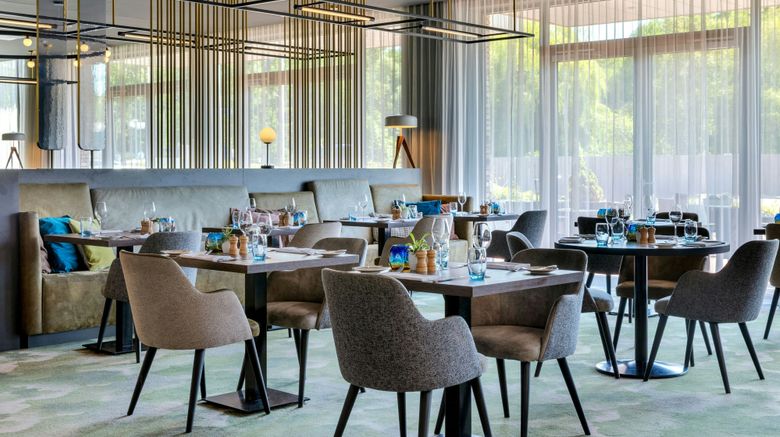 <b>Renaissance Amsterdam Schiphol Airport Restaurant</b>. Images powered by <a href="https://www.leonardoworldwide.com/" title="Leonardo Worldwide" target="_blank">Leonardo</a>.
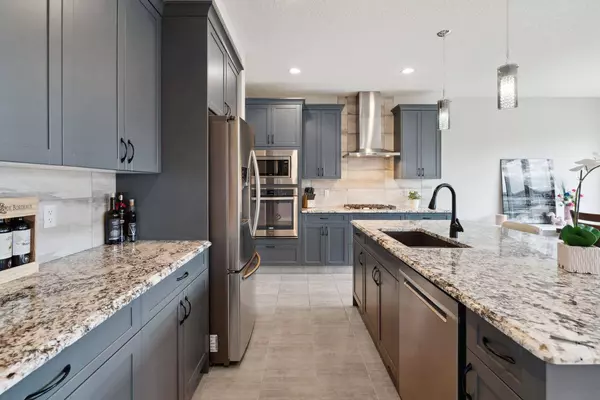 32 Cranbrook CIR SE, Calgary, AB T3M 2L9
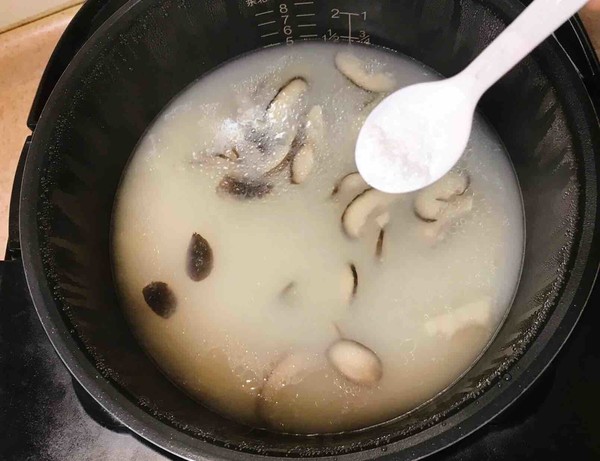 Mushroom and Scallop Porridge recipe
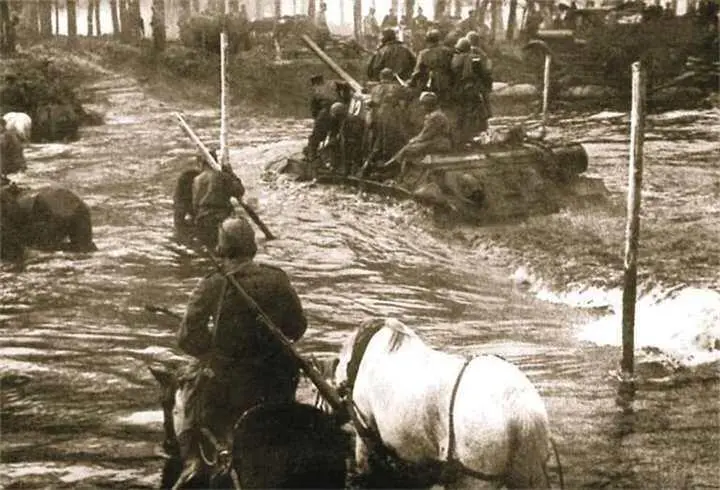 Форсирование Шпрее войсками 3й гвардейской танковой армии Апрель 1945 г - фото 959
····················
== REQUIRED ACTION ==
Return the complete material exactly as it appears, without images.

== TASK ANSWER ==
 <b>Renaissance Amsterdam Schiphol Airport Restaurant</b>. Images powered by <a href="https://www.leonardoworldwide.com/" title="Leonardo Worldwide" target="_blank">Leonardo</a>.
 32 Cranbrook CIR SE, Calgary, AB T3M 2L9
 Mushroom and Scallop Porridge recipe
 Форсирование Шпрее войсками 3й гвардейской танковой армии Апрель 1945 г - фото 959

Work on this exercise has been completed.